La última parte era la más difícil. «Saca toda tu vergüenza», pedí a mi mente. Y Santo Dios, qué horrores vi. Un desfile patético en que estaban todos mis fallos, mis mentiras, mi egoísmo, mis celos, mi arrogancia. Pero los contemplé sin pestañear. «Muéstrame lo peor», dije. Y al invitar a las peores unidades de vergüenza a entrar en mi corazón, se quedaron paradas en el umbral, diciendo: «No. A mí no querrás invitarme a entrar. ¿Sabes lo que he hecho?». Y yo decía: «Sí que quiero tenerte dentro. A pesar de todo sí que quiero. Hasta a ti te acojo en mi corazón. No pasa nada. Te perdono. Formas parte de mí. Al fin podrás descansar. Se acabó».
Al acabar, me quedé vacía. Ya no tenía la mente en guerra. Miré dentro de mi corazón y me asombró lo grande que me pareció. Le quedaba mucho espacio para la bondad. Aún no estaba lleno, aunque había cobijado y atendido a todos los calamitosos golfillos de la tristeza, la ira y la vergüenza; sabía que mi corazón podía haber recibido y perdonado aún más. Su amor era infinito.
Comprendí entonces que así es como Dios nos ama y recibe a todos, y que en este universo no existe eso que llamamos el infierno, salvo en la aterrorizada mente de cada uno de nosotros. Porque, si un ser humano deshecho y limitado es capaz de experimentar semejante episodio de total perdón y aceptación de sí mismo, pensemos —¡intentemos imaginar!— la enormidad de cosas que Dios, en su eterna compasión, perdona y acepta.

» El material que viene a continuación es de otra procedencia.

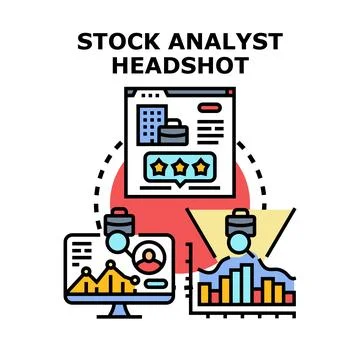 Financial analyst working on market data investment overview Stock Illustration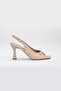 Large Size Goblet Heel Skin Nude Women's Heeled Sandals - 3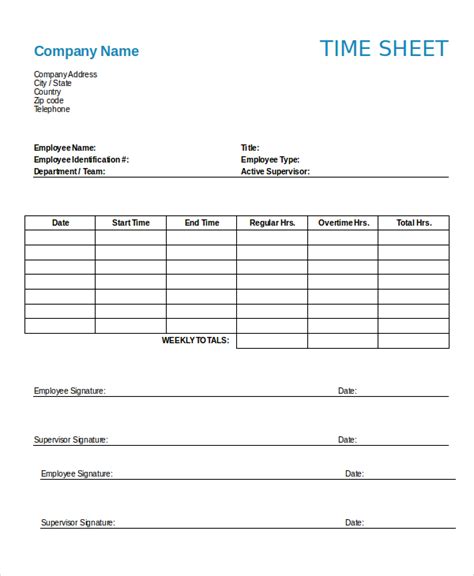 printable timesheet templates pages word docs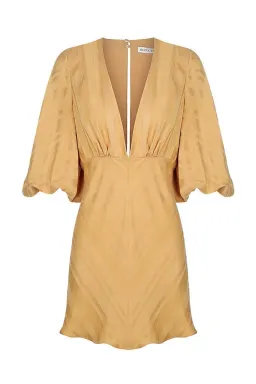 Shona Joy Daisy Balloon Sleeve Bias Dress Saffron Size 8 for rent on The Volte - image 3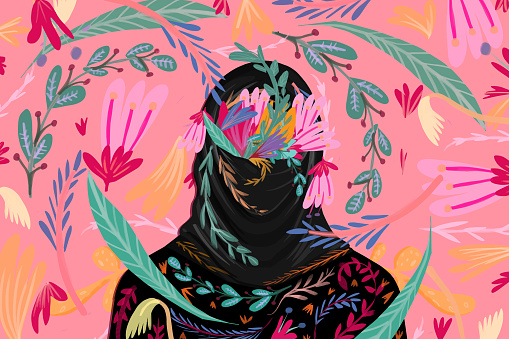 Illustration of a black hijab filled with different types of flowers, representing love and peace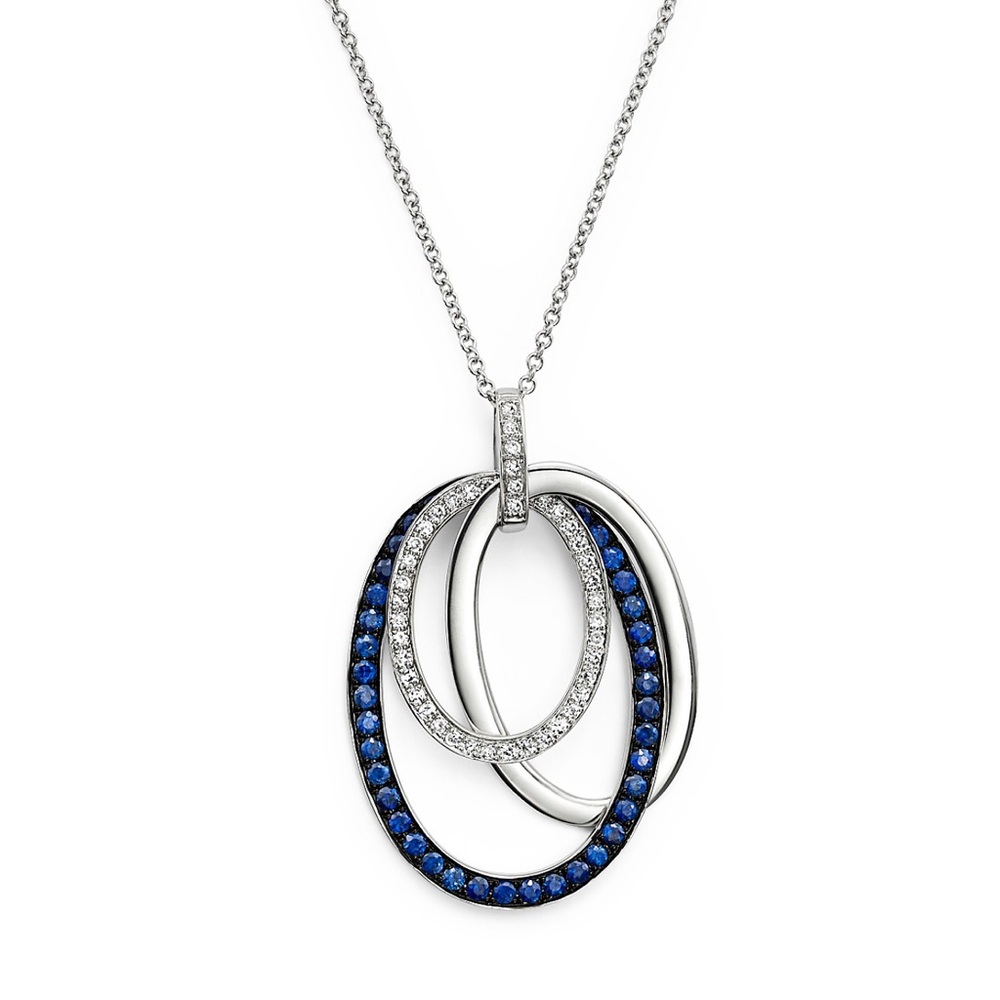 Bloomingdale’s Blue Sapphire and diamond white gold neckless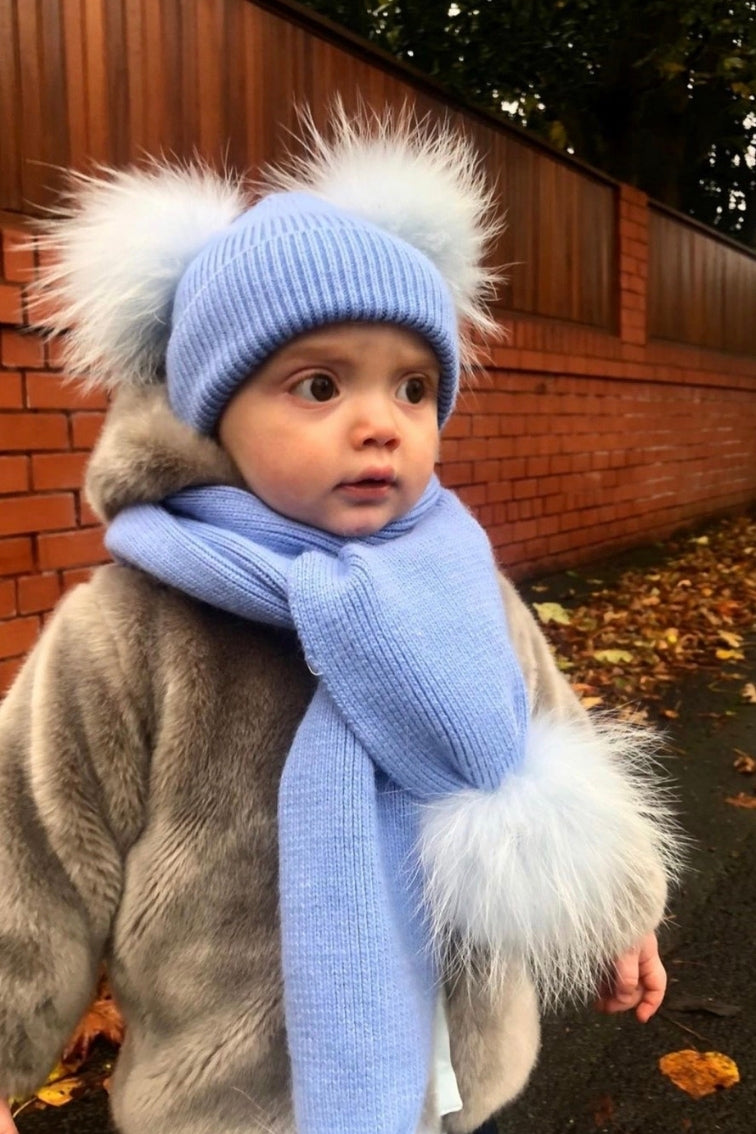 KIDS Baby Blue DOUBLE Bobble Hat & Scarf Set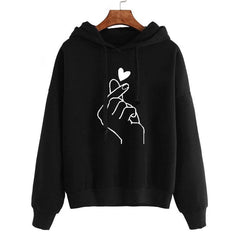 Finger Heart Love Pattern Hooded Sweatshirts - cutebobo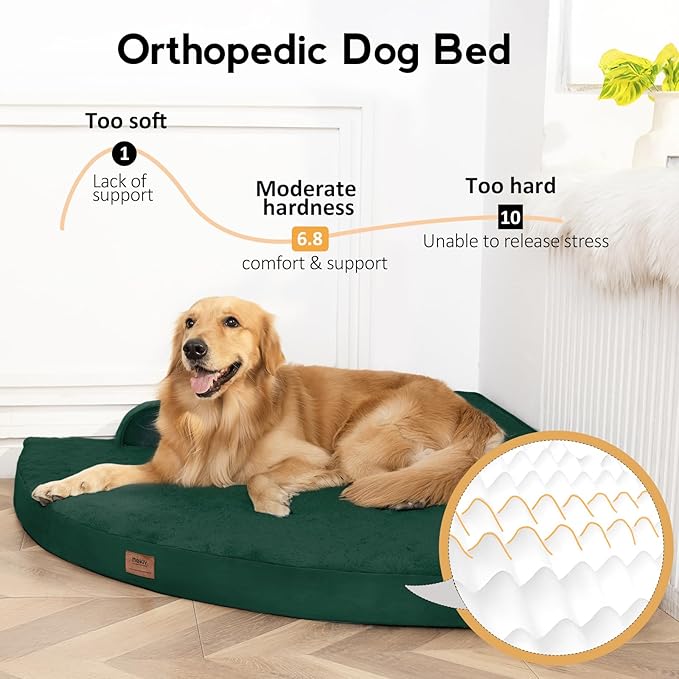 Large Orthopedic Dog Bed with Sides XXL Dog Beds with Removable Washable Cover Non-Slip Waterproof Pet Bed for Extra Large Dogs - Dark Green XXL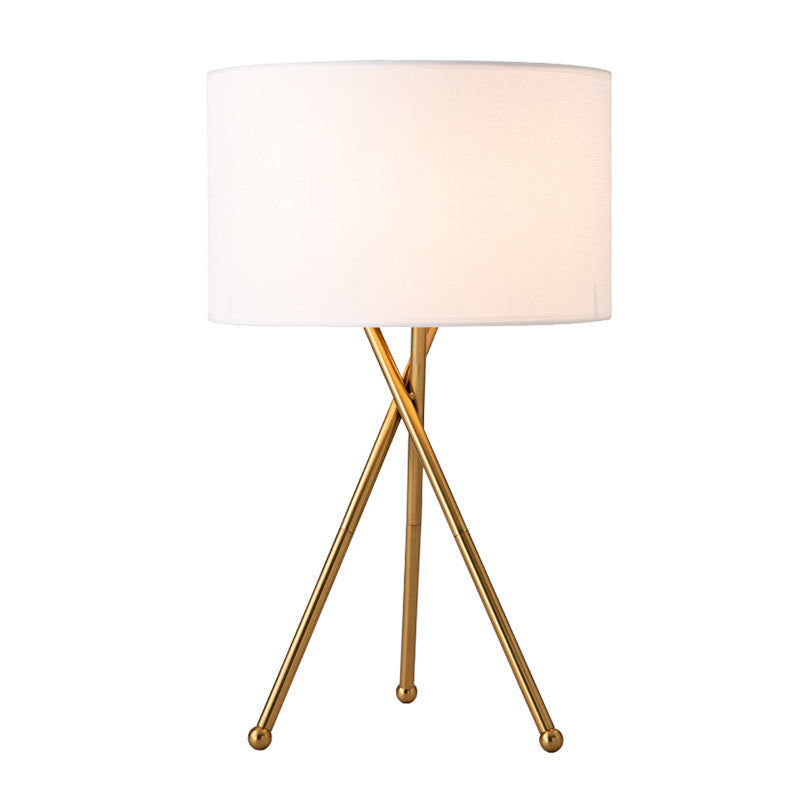 Fabric Drum Shaped Table Lamp Artistic 1 Bulb Nightstand Light with Metallic Tripod Clearhalo 'Lamps' 'Table Lamps' Lighting' 2064461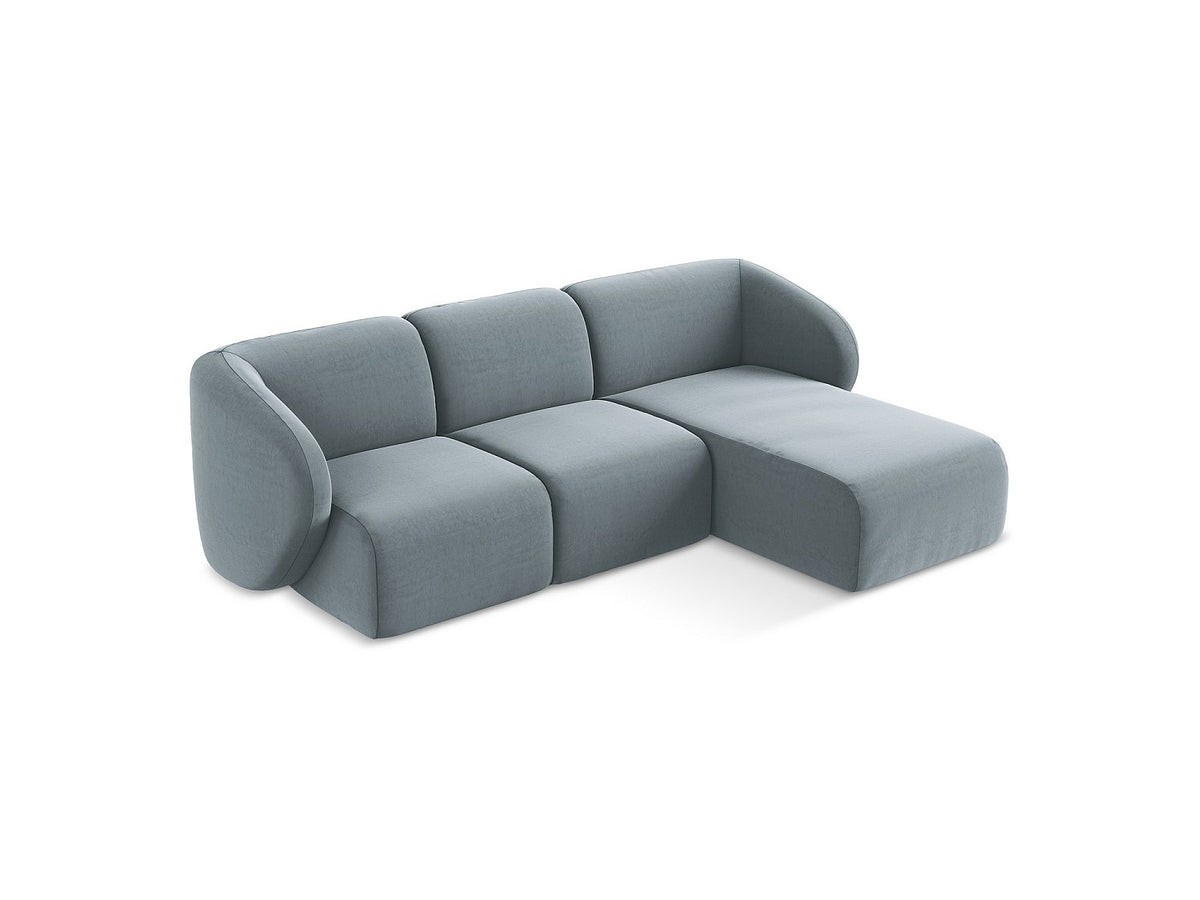 Canapé modulable 3 places bleu tissu
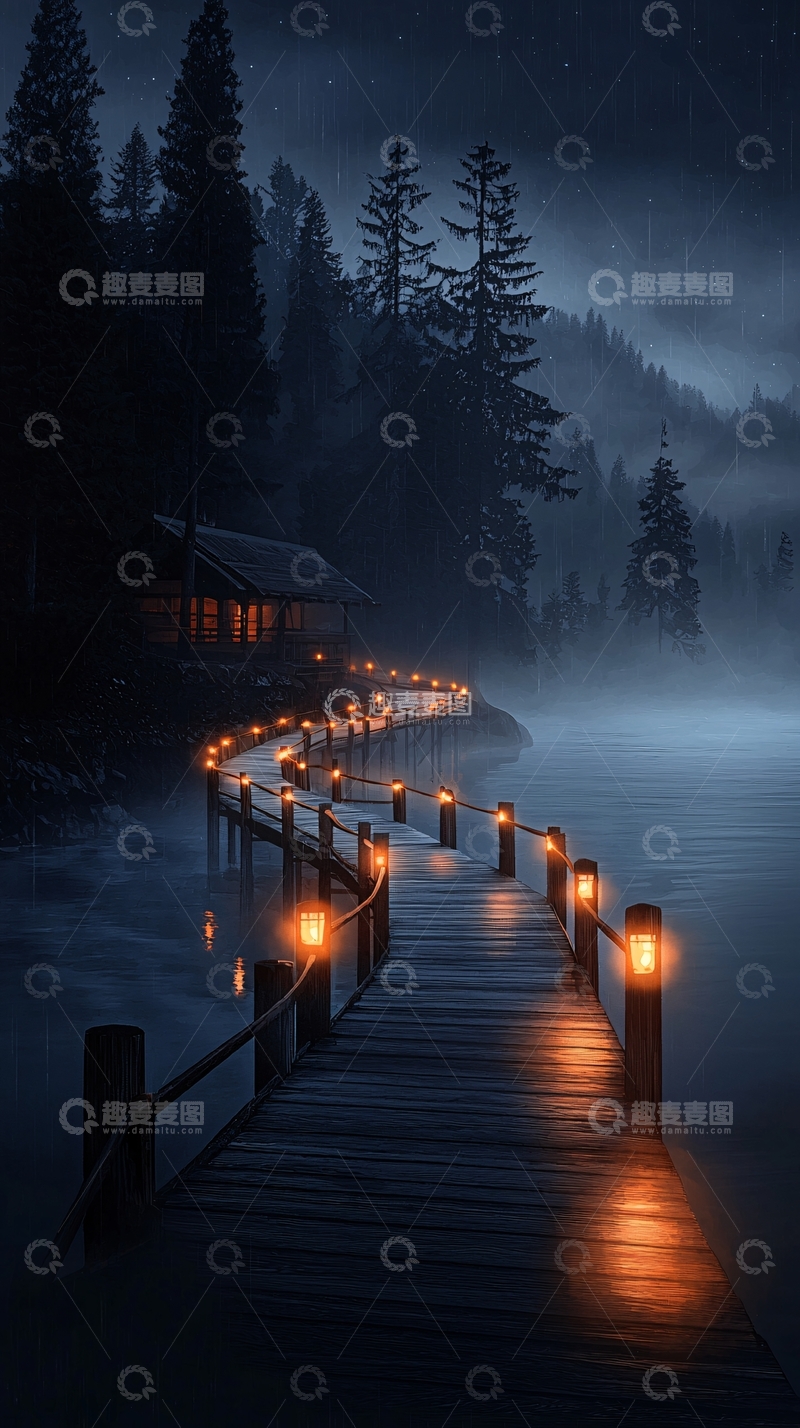 高清大图下载【趣麦麦图】雨夜木桥灯光下的宁静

Pero también sabía, intuía, que ese remanso de paz era temporal. Sabía que la labor no estaba terminada del todo, que mi furia, mi tristeza y mi vergüenza volverían a hacer acto de presencia, huyendo de mi corazón y volviendo a instalarse en mi cabeza. Sabía que volvería a enfrentarme a esos pensamientos, una y otra vez, hasta que lenta y decididamente cambiase mi vida entera. Iba a ser una labor ardua y agotadora. Pero en la silenciosa penumbra de aquella playa mi corazón le dijo a mi mente: «Te quiero. Jamás te abandonaré. Siempre cuidaré de ti». Esa promesa me salió flotando del corazón y la atrapé con la boca, donde me la guardé, saboreándola mientras me iba de la playa a la caseta donde vivía. Saqué un cuaderno sin usar, lo abrí por la primera página y entonces abrí la boca por primera vez, pronunciando esas palabras en el vacío de la habitación, dejándolas salir en libertad. Quebré mi silencio con esas palabras, cuyo colosal significado documenté a lápiz en la página:
«Te quiero. Jamás te abandonaré. Siempre cuidaré de ti».
Fueron las primeras palabras que escribí en mi cuaderno secreto, que llevo encima desde entonces. En los dos años siguientes a menudo he acudido a él en busca de ayuda y siempre la he hallado, hasta en los momentos de tristeza o miedo feroz. Y ese cuaderno guardián de esa promesa de amor me permitió sobrevivir a los dos siguientes años de mi vida, ni más ni menos.